Cool, dis-donc, c’est Madame Machin qui décide à qui donner l’argent de l’état en se basant sur les confidences que les patients lui font. Elle décide de ce que les gens font de leurs droits. Pas de la charité hein, de leurs droits. Et puis l’allocation adulte handicapé, c’est pas des bonbons hein, c’est difficile à obtenir, ça se fait en plusieurs mois, sur présentation de certificats médicaux, avec des preuves. Comme toutes les aides sociales, il faut les demander et prouver qu’on correspond aux critères pour les obtenir. Mais bon. En plus, Madame Machin a l’air de trouver ça hyper cool et confortable de vivre en centre d’hébergement d’urgence. J’aimerai bien qu’elle aille y passer une nuit : elle se ferait violer, battre, agresser, voler ses affaires. Mais bon, vu qu’elle serait logée gratuitement dans un dortoir de 6 personnes sans domicile et remise à la rue dès le lendemain, ça lui irait surement, à Madame Machin. C’est gratuit, voyez, faut pas râler.

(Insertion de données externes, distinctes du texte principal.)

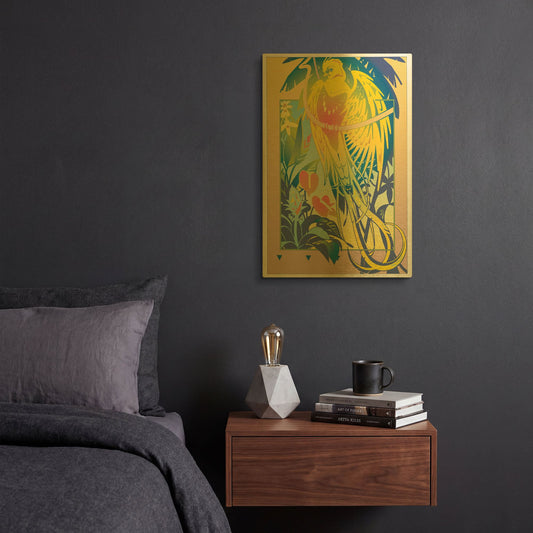 'Tropical Garden' By David Chestnutt Gold Metal Wall Art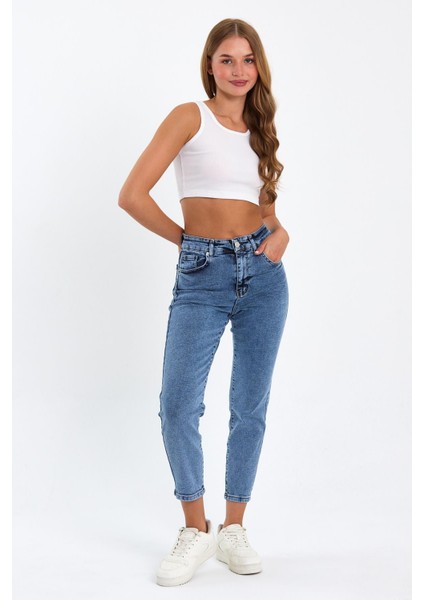 Açık Mavi Mom Jeans Likralı Kot Pantolon TREF-ACIK-MAVI-MOM-JEANS-431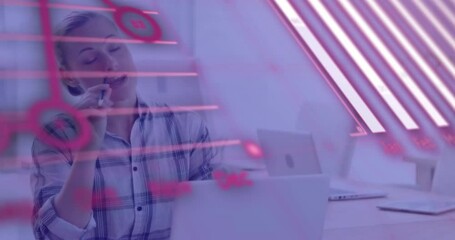Poster - Animation of financial data processing over caucasian businesswoman using laptop in office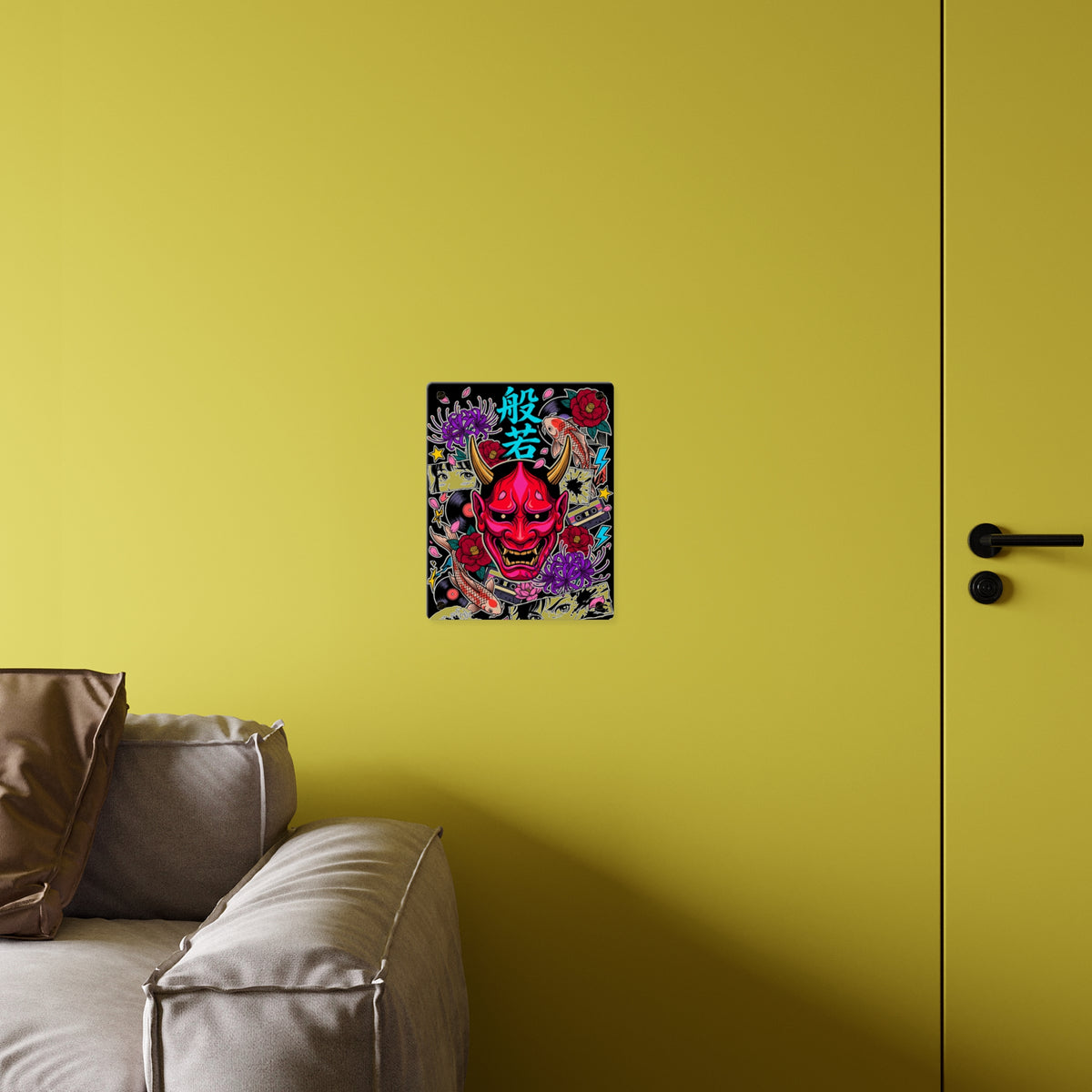 HANNYA acrylic wall art panel on a yellow wall above a sofa | Formless
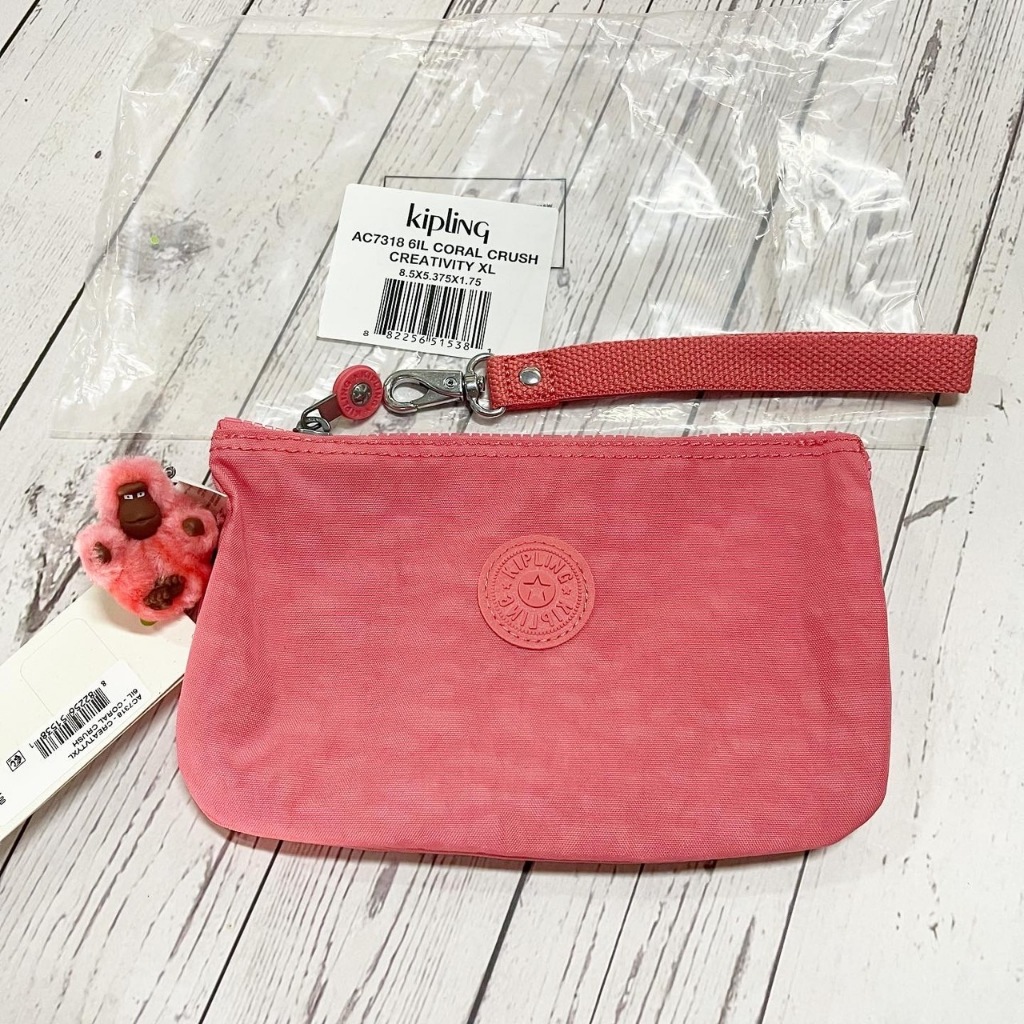 Kipling Creativity XL สี Coral Crush กระเป๋าใบใหญ่ 1 ซิบ 3 ช่อง มีสายคล้องมือ ของแท้ พร้อมส่ง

Madame Machin : « Il est vraiment français ce Monsieur ? Non, parce que certains disent qu’ils sont français mais en fait c’est des menteurs. L’autre jour j’ai reçu une famille, en fait, c’étaient des kabyles. Je lui ai dit au Monsieur, ça se voit tout de suite que vous êtres kabyles, vous avez pas un comportement d’arabes, je le vois, je les reconnais ces gens ».

Sur le coup, ça se passe de commentaire.

Je pourrais continuer encore une page ou deux avec les citations de Madame Machin : tout y est passé, les fraudeurs, les travailleurs au noir, les mecs au RSA qui roulent en BM, les femmes qui font des gosses pour toucher les allocs, les gens qui boivent leur allocation adulte handicapé et autres saloperies totalement contraires à la déontologie et  dénuées de fondement scientifique.

Madame Machin, à plus de 60 ans, si elle avait su « elle aurait pas fait assistante sociale ». Moi aussi j’aurais préféré qu’elle aille bosser aux impôts ou pour un centre de recouvrement, plutôt que lui soient confiées des missions d’accompagnement de personnes fragiles, cancéreux ou en rémission, totalement laissés à sa merci.

Alors, puisque c’est la fête, moi aussi je vais transgresser le code de la déontologie, l’article 26 précisément : L’Assistant de Service Social doit avoir une attitude de confraternité à l’égard de ses collègues et s’abstiendra de tout acte ou propos susceptible de leur nuire. Je vais écrire à son chef de service, à la direction de l’hôpital, à Marisol Touraine, à tout le monde. Faut mettre Madame Machin à la retraite. Et tout de suite, avant que je ne l’attende un soir dans son parking pour l’étrangler avec un câble électrique. Et pour le bien de la profession.